● The task: The listing below should be written out exactly; please include all of it.

● Entries provided:
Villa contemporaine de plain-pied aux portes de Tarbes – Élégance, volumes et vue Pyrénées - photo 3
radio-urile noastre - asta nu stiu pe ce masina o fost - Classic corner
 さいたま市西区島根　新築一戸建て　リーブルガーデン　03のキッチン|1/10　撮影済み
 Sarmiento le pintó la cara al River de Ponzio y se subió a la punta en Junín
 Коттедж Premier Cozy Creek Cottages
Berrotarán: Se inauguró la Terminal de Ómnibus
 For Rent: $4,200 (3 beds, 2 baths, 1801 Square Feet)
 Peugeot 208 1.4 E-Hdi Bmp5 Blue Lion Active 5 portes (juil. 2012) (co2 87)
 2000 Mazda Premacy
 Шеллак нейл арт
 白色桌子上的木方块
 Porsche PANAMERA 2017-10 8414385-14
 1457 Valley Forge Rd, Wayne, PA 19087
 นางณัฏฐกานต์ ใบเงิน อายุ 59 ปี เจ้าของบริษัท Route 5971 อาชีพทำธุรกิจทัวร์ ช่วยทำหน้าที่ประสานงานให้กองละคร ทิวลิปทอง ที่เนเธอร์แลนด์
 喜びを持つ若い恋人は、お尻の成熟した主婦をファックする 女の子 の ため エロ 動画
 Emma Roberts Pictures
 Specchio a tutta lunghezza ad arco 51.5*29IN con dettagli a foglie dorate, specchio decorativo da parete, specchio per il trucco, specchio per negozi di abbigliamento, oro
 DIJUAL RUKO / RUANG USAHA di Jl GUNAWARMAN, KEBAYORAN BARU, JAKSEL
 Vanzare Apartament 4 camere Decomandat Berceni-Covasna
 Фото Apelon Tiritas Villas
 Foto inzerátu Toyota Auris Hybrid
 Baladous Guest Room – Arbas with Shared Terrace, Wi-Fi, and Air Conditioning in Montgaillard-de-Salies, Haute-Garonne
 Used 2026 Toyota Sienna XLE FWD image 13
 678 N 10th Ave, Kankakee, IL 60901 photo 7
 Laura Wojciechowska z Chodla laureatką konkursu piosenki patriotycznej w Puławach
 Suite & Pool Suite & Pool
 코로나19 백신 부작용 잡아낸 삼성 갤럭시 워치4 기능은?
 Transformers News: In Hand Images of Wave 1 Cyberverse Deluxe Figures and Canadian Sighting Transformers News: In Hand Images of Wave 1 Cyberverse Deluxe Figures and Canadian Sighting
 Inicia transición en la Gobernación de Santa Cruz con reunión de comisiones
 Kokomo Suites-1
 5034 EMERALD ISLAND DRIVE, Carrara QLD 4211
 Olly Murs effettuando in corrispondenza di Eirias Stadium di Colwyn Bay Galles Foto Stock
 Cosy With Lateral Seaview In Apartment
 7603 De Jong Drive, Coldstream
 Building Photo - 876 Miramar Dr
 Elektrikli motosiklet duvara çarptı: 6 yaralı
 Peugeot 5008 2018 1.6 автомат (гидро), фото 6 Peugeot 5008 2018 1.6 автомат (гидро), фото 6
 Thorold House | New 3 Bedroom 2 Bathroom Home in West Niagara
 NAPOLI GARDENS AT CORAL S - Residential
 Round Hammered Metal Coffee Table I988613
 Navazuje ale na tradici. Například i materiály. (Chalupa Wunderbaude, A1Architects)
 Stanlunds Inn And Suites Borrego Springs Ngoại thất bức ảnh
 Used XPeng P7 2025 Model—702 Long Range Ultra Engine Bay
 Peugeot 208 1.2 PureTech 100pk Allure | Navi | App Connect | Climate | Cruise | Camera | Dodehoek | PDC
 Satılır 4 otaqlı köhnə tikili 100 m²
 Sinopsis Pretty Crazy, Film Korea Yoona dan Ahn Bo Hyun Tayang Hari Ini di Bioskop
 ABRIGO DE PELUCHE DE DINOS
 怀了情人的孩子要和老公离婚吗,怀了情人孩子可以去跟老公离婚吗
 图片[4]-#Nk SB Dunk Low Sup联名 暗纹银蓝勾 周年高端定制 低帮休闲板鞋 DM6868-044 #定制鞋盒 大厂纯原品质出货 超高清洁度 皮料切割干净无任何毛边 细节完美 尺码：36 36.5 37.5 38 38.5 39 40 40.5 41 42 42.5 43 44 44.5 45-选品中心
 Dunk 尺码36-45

● Response below:
Villa contemporaine de plain-pied aux portes de Tarbes – Élégance, volumes et vue Pyrénées - photo 3
radio-urile noastre - asta nu stiu pe ce masina o fost - Classic corner
 さいたま市西区島根　新築一戸建て　リーブルガーデン　03のキッチン|1/10　撮影済み
 Sarmiento le pintó la cara al River de Ponzio y se subió a la punta en Junín
 Коттедж Premier Cozy Creek Cottages
Berrotarán: Se inauguró la Terminal de Ómnibus
 For Rent: $4,200 (3 beds, 2 baths, 1801 Square Feet)
 Peugeot 208 1.4 E-Hdi Bmp5 Blue Lion Active 5 portes (juil. 2012) (co2 87)
 2000 Mazda Premacy
 Шеллак нейл арт
 白色桌子上的木方块
 Porsche PANAMERA 2017-10 8414385-14
 1457 Valley Forge Rd, Wayne, PA 19087
 นางณัฏฐกานต์ ใบเงิน อายุ 59 ปี เจ้าของบริษัท Route 5971 อาชีพทำธุรกิจทัวร์ ช่วยทำหน้าที่ประสานงานให้กองละคร ทิวลิปทอง ที่เนเธอร์แลนด์
 喜びを持つ若い恋人は、お尻の成熟した主婦をファックする 女の子 の ため エロ 動画
 Emma Roberts Pictures
 Specchio a tutta lunghezza ad arco 51.5*29IN con dettagli a foglie dorate, specchio decorativo da parete, specchio per il trucco, specchio per negozi di abbigliamento, oro
 DIJUAL RUKO / RUANG USAHA di Jl GUNAWARMAN, KEBAYORAN BARU, JAKSEL
 Vanzare Apartament 4 camere Decomandat Berceni-Covasna
 Фото Apelon Tiritas Villas
 Foto inzerátu Toyota Auris Hybrid
 Baladous Guest Room – Arbas with Shared Terrace, Wi-Fi, and Air Conditioning in Montgaillard-de-Salies, Haute-Garonne
 Used 2026 Toyota Sienna XLE FWD image 13
 678 N 10th Ave, Kankakee, IL 60901 photo 7
 Laura Wojciechowska z Chodla laureatką konkursu piosenki patriotycznej w Puławach
 Suite & Pool Suite & Pool
 코로나19 백신 부작용 잡아낸 삼성 갤럭시 워치4 기능은?
 Transformers News: In Hand Images of Wave 1 Cyberverse Deluxe Figures and Canadian Sighting Transformers News: In Hand Images of Wave 1 Cyberverse Deluxe Figures and Canadian Sighting
 Inicia transición en la Gobernación de Santa Cruz con reunión de comisiones
 Kokomo Suites-1
 5034 EMERALD ISLAND DRIVE, Carrara QLD 4211
 Olly Murs effettuando in corrispondenza di Eirias Stadium di Colwyn Bay Galles Foto Stock
 Cosy With Lateral Seaview In Apartment
 7603 De Jong Drive, Coldstream
 Building Photo - 876 Miramar Dr
 Elektrikli motosiklet duvara çarptı: 6 yaralı
 Peugeot 5008 2018 1.6 автомат (гидро), фото 6 Peugeot 5008 2018 1.6 автомат (гидро), фото 6
 Thorold House | New 3 Bedroom 2 Bathroom Home in West Niagara
 NAPOLI GARDENS AT CORAL S - Residential
 Round Hammered Metal Coffee Table I988613
 Navazuje ale na tradici. Například i materiály. (Chalupa Wunderbaude, A1Architects)
 Stanlunds Inn And Suites Borrego Springs Ngoại thất bức ảnh
 Used XPeng P7 2025 Model—702 Long Range Ultra Engine Bay
 Peugeot 208 1.2 PureTech 100pk Allure | Navi | App Connect | Climate | Cruise | Camera | Dodehoek | PDC
 Satılır 4 otaqlı köhnə tikili 100 m²
 Sinopsis Pretty Crazy, Film Korea Yoona dan Ahn Bo Hyun Tayang Hari Ini di Bioskop
 ABRIGO DE PELUCHE DE DINOS
 怀了情人的孩子要和老公离婚吗,怀了情人孩子可以去跟老公离婚吗
 图片[4]-#Nk SB Dunk Low Sup联名 暗纹银蓝勾 周年高端定制 低帮休闲板鞋 DM6868-044 #定制鞋盒 大厂纯原品质出货 超高清洁度 皮料切割干净无任何毛边 细节完美 尺码：36 36.5 37.5 38 38.5 39 40 40.5 41 42 42.5 43 44 44.5 45-选品中心
 Dunk 尺码36-45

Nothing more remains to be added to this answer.